Pictures excluded, copy word for word the lines from the one holding "Hoxton Denim Skinny Jean Black Wash - Black" through the last line below.

● **SOURCE MATERIAL**

----------------

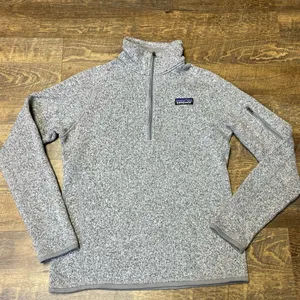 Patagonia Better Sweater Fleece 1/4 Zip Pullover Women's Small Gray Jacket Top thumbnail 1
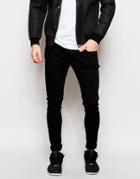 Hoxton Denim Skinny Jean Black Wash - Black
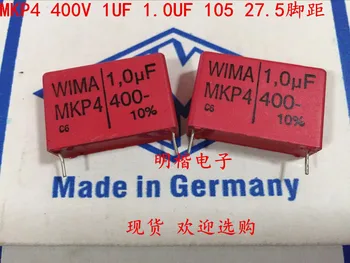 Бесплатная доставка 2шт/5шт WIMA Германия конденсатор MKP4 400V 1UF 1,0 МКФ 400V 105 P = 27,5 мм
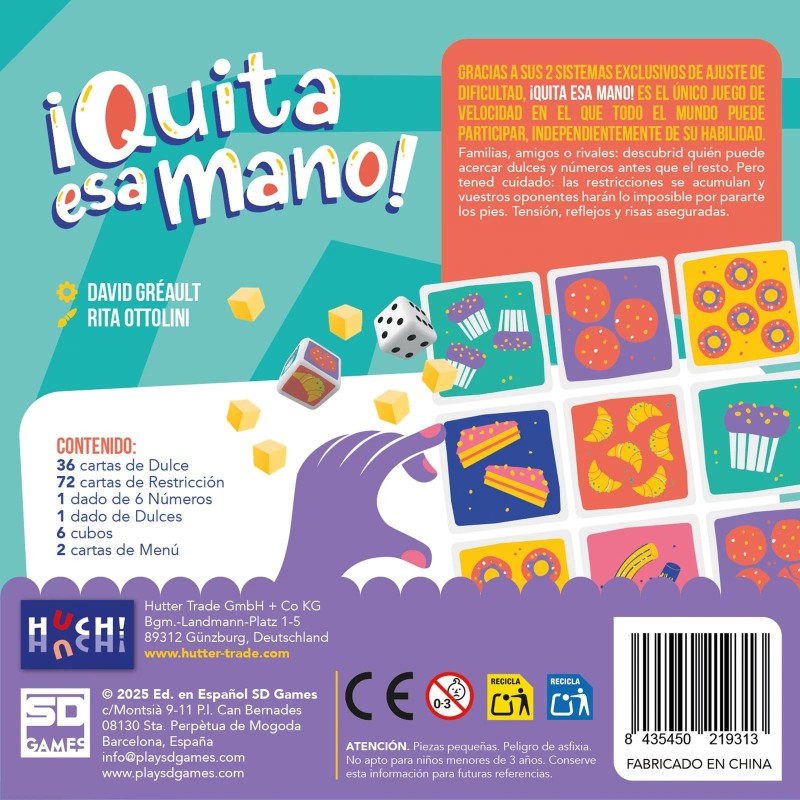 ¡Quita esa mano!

----------------

● **RESULT**
 Hoxton Denim Skinny Jean Black Wash - Black
 Бесплатная доставка 2шт/5шт WIMA Германия конденсатор MKP4 400V 1UF 1,0 МКФ 400V 105 P = 27,5 мм
 ¡Quita esa mano!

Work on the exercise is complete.